Corriere della Sera, 8 aprile 2021
Minoli vuole entrare del Cda della Rai
Giovanni Minoli, autore e conduttore di programmi e fiction, ormai storia della tv, direttore di reti e canali in Rai e non solo, a 75 anni si candida a entrare nel cda dell’emittente pubblica, prossimo alla scadenza. «Se questo è il governo delle professionalità, mi sono allenato abbastanza e ho il curriculum per propormi», dice.
Il servizio pubblico ha ancora senso?
«In mezza Europa è un modo di manifestarsi della democrazia. Dato lo stravolgimento competitivo però, occorre riformularne la missione, mettendo al centro il prodotto e poi costruendo intorno un modello organizzativo. C’è bisogno di una Raifondazione».
Ha già lo slogan.
«Se siamo al punto in cui siamo per cui con 14 mila dipendenti, l’80% del prodotto è in outsourcing, o non ha senso rivolgersi fuori o non lo hanno i 14 mila dipendenti».
La Rai è un “carrozzone”?
«È un po’ il “welfare alla romana”. Sono stati fatti fuori gli uomini di prodotto e sono rimasti i burocrati».

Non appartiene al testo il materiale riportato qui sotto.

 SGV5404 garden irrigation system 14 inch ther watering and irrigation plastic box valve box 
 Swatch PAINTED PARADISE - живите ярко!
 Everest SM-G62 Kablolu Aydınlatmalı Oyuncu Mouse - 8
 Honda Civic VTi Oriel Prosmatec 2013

La legge Renzi è buona per governare la Rai?
«Sì, perché ha dato all’amministratore delegato il potere di decidere. Dopodiché se qualcuno aspetta i partiti per farlo, è un problema suo».
Si riferisce all’attuale ad Fabrizio Salini?

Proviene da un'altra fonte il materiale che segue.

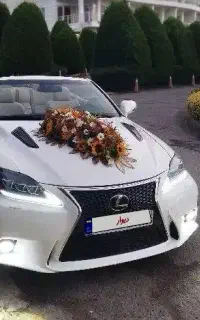 اجاره ماشین عروس لکسوس کروک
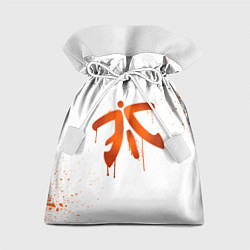 Мешок для подарков Fnatic: White collection, цвет: 3D-принт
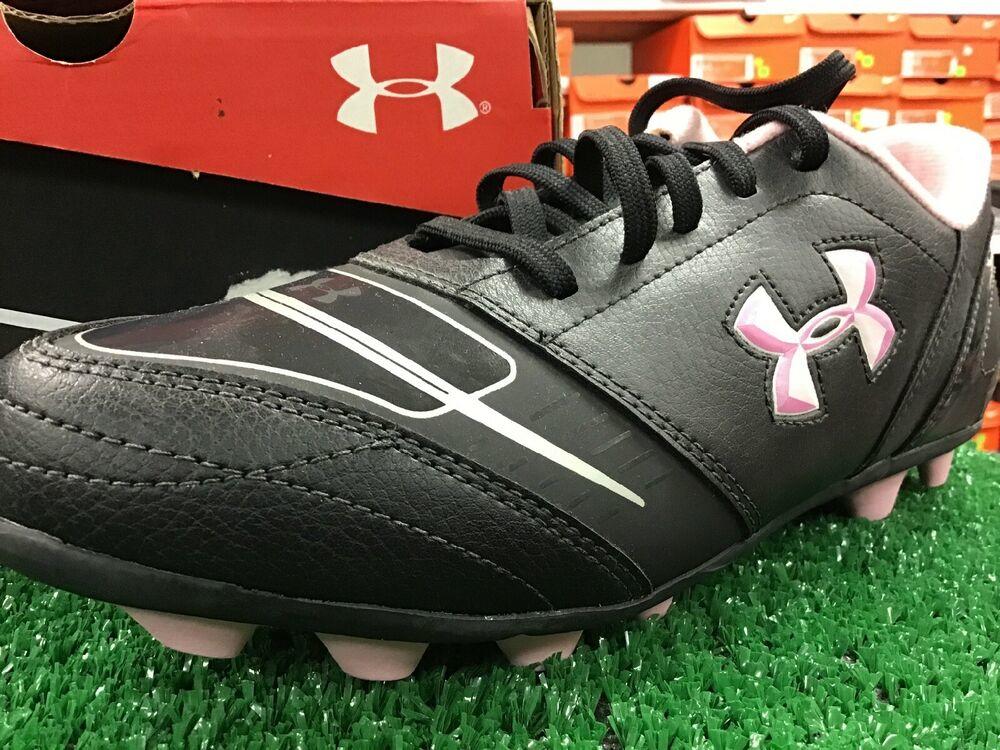 UNDER ARMOUR DOMINATE HG JR Soccer Cleat Youth Sizes 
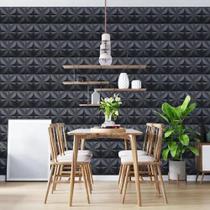 Placas Revestimento Pedra Autocolante 30X30 Kit 12 Pétalas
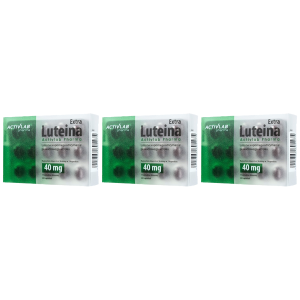 ACTIVLAB PHARMA Luteina Extra - 3x 30capsZysk od 20zł do 30zł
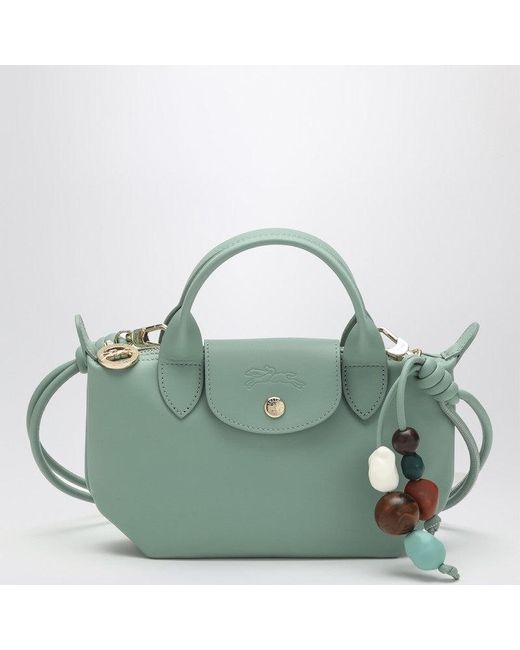ショルダーバッグ・ポシェット Longchamp Celadon Coloured Le Pliage Xtra Hobo Bag Celadon coloured Le Pliage Xtra hobo bag – Lord & Taylor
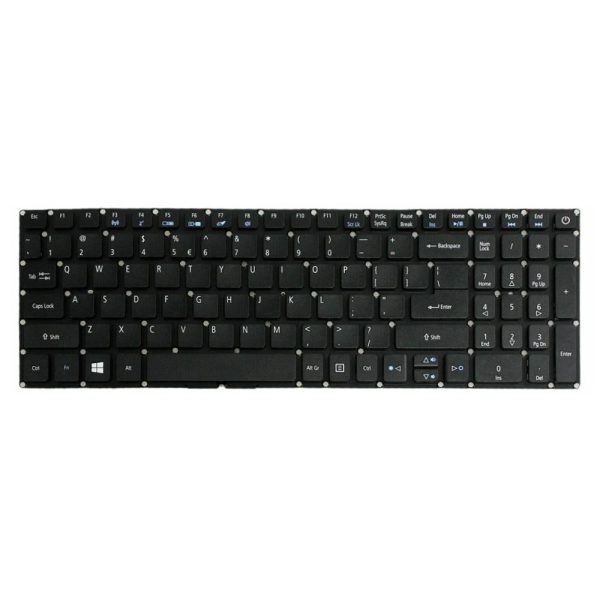 Portable Keyboard for Laptops - Compact and Durable - For Acer M5-481 / M5-481T - Image 3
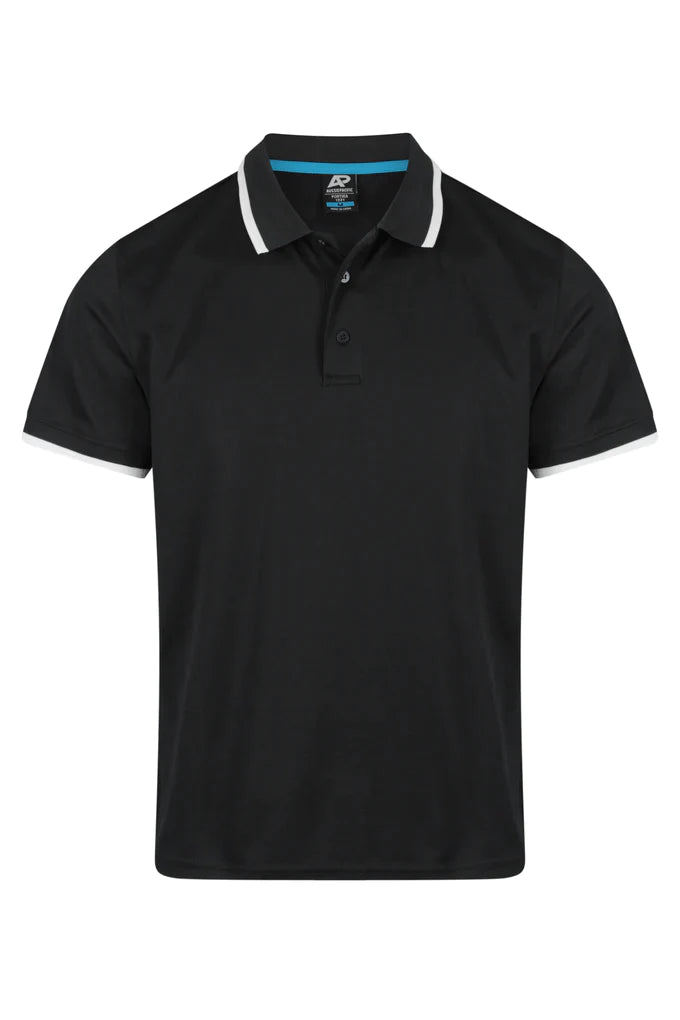 1321 Aussie Pacific Portsea Mens Polos Short Sleeve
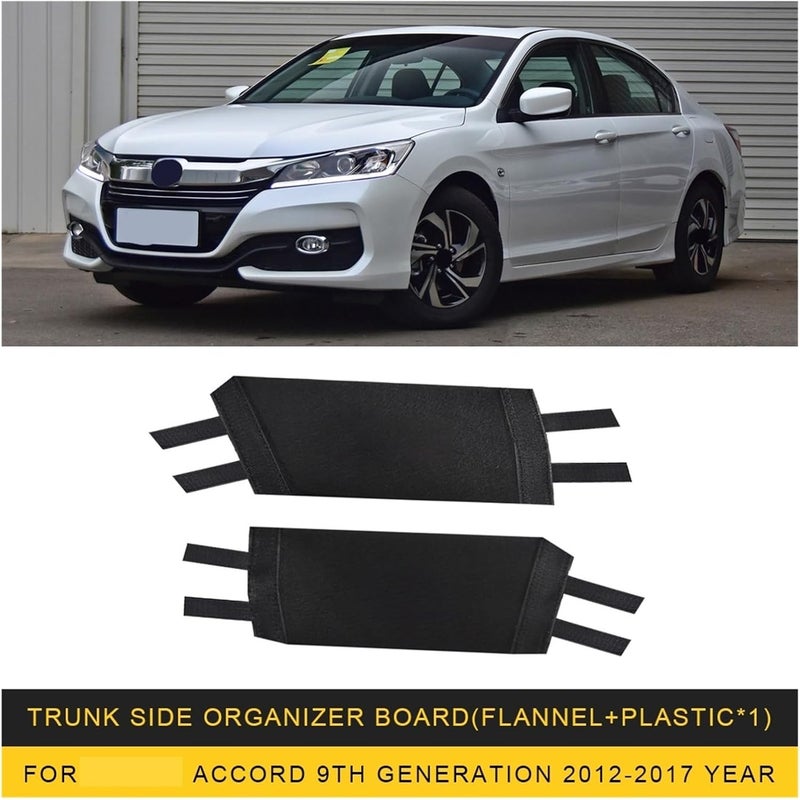 Vuzmode Trunk Side Storage Organizer for Accord 2008-2021 - Image 2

«Niente di personale: era il direttore generale quando ero a La7. Ma per farle un esempio, è possibile che io abbia un contratto che mi ha conferito per dieci anni i diritti sull’archivio del mio programma “La Storia siamo noi”, e tutti me li richiedono tranne la Rai? Sono pezzi di memoria storica del Paese, utilizzabili all’infinito».
Li regali...
«Regalarlo forse no, ma potrei trattarlo con molta moderazione rispetto al valore di mercato».
Manterrebbe l’attuale struttura della Rai in reti?

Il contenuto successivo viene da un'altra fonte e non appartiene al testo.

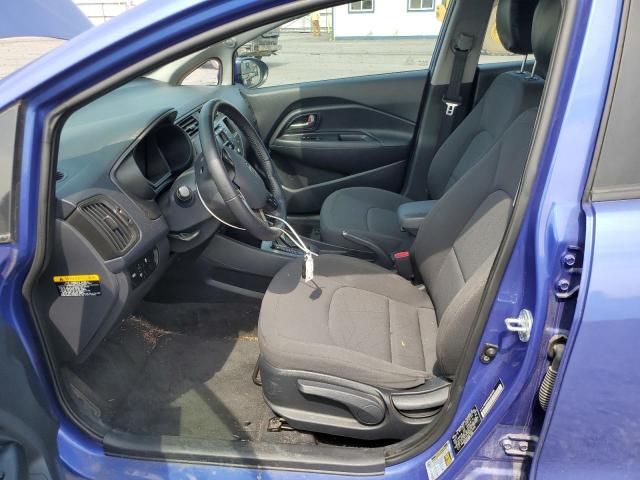 Hatchbacks KIA RIO 2012 Fioletowy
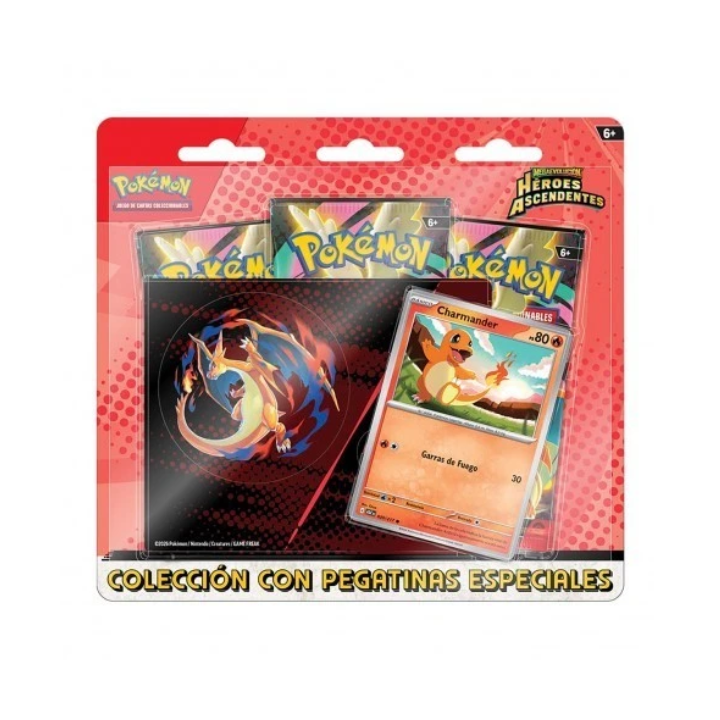 Ascended Heroes Tech Sticker Collection (Spanish)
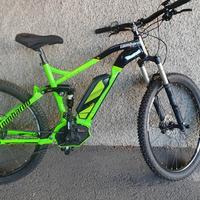 Bici elettrica ebike Lombardo sempione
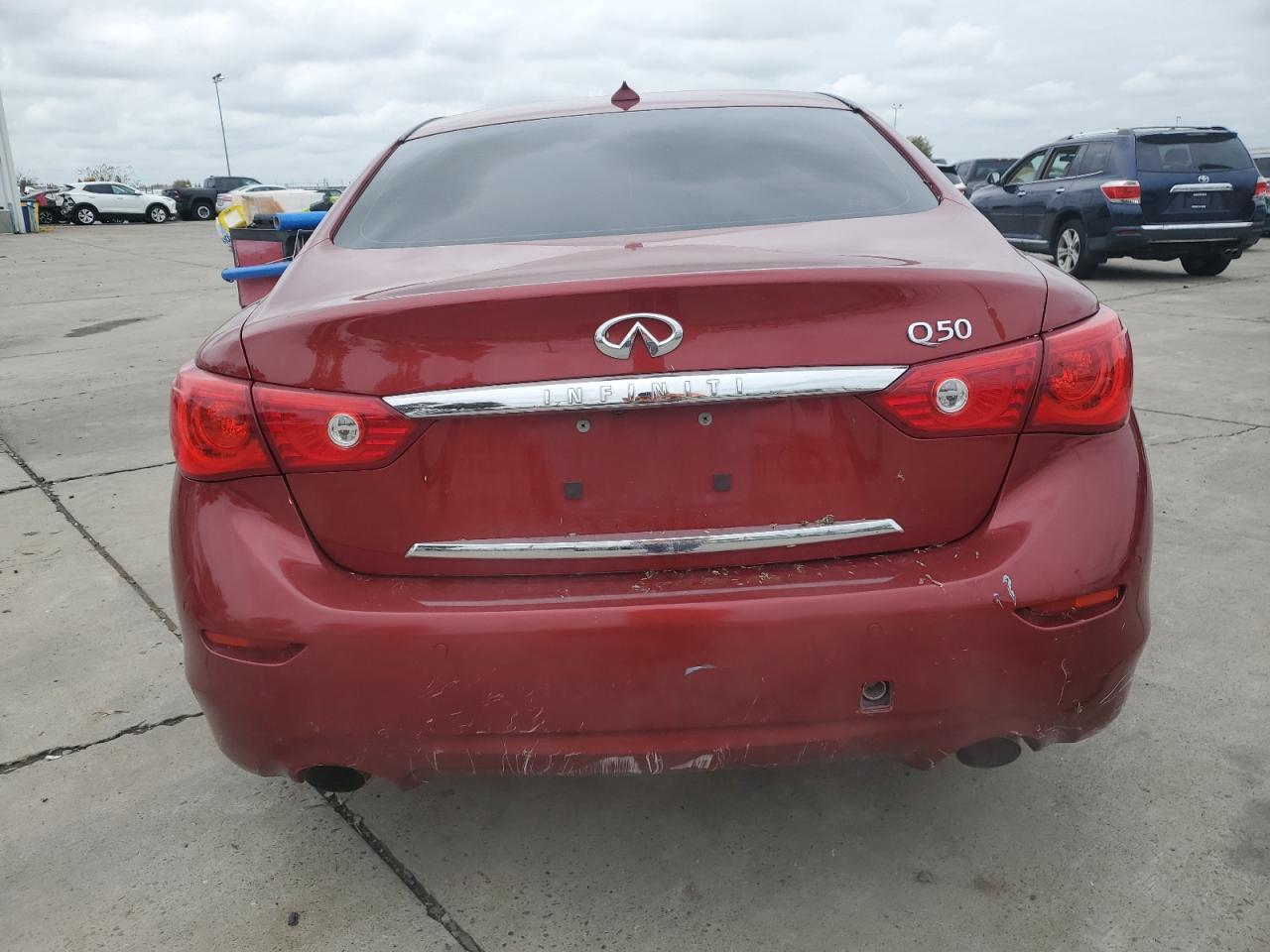 2014 Infiniti Q50 Base - Фото 6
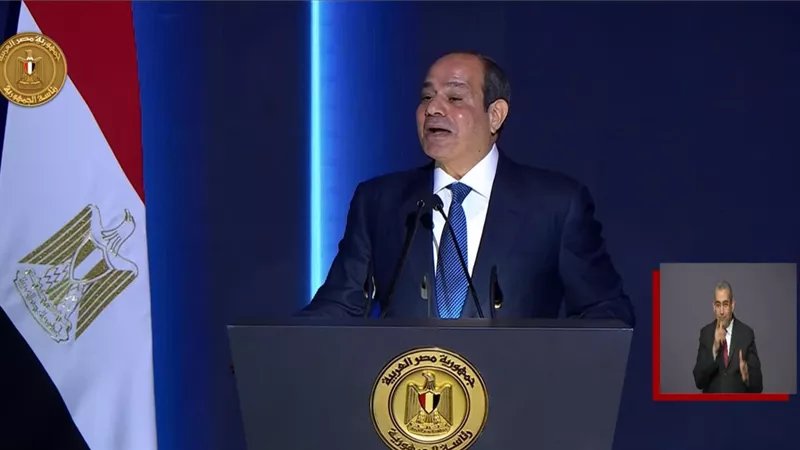 الرئيس السيسي: هدفنا تطوير مؤسسات الدولة ونعمل بها إصلاح عميق| فيديو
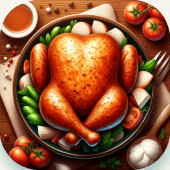 Baked Roasted Chicken Recipes Apk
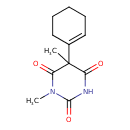 HMDB0015444 structure image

«No, nell’era multimediale e multipiattaforma la struttura dovrebbe essere orizzontale per mirare ai vari tipi di pubblico. E poi ormai le reti si chiamano con un nome che individua il prodotto, tipo Discovery, non con i numeri».
E le news?
«Il Tg è una formula superata. Siamo bombardati dalle informazioni. E poi tutto è informazione e educational: la tv trasmette valori, e riesce a farlo meglio un”Don Matteo” di tanti programmi con intento educativo. Mi diceva Dan Rather, anchorman della Cbs, che la tv è molto più potente della bomba atomica perché gli effetti si vedono nel tempo. Mi chiedo perché la Rai non partecipi alle società che producono queste fiction. Il prodotto viene prima di tutto, il resto è solo supporto».
Sono pochi tre anni di mandato per l’ad?
«Non si può fare molto. Poi dipende da chi scegli. Sono state nominate persone che si vantavano di non vedere la tv».
Teme lo share?
«Nel resto dell’Europa le reti pubbliche non fanno più del 30% perché si danno una mission. Io avevo proposto di mettere un pallino verde sui programmi pagati dal canone perché questo costringerebbe la dirigenza a elaborare un’idea di servizio pubblico».
Il tetto agli stipendi in Rai ha un senso?
«Non molto. È selettivo ma non è attrattivo».
Manager bravi scappano.
«Penso a Andreatta che è stata bravissima con le fiction. Oggi l’evoluzione del genere imporrebbe la fusione tra cinema e fiction».
Il canone in bolletta?
«Serve per fornire un servizio pubblico, non per comprare format di giochi all’estero. Che poi, se uno andasse negli archivi della Rai, troverebbe i progenitori di tutti i programmi che circolano. Basterebbe rigenerarli, come ha fatto Marchionne con la 500».
Mi dice un programma che avrebbe voluto ideare?
«No. Non vorrà mica che scopra le mie carte adesso?».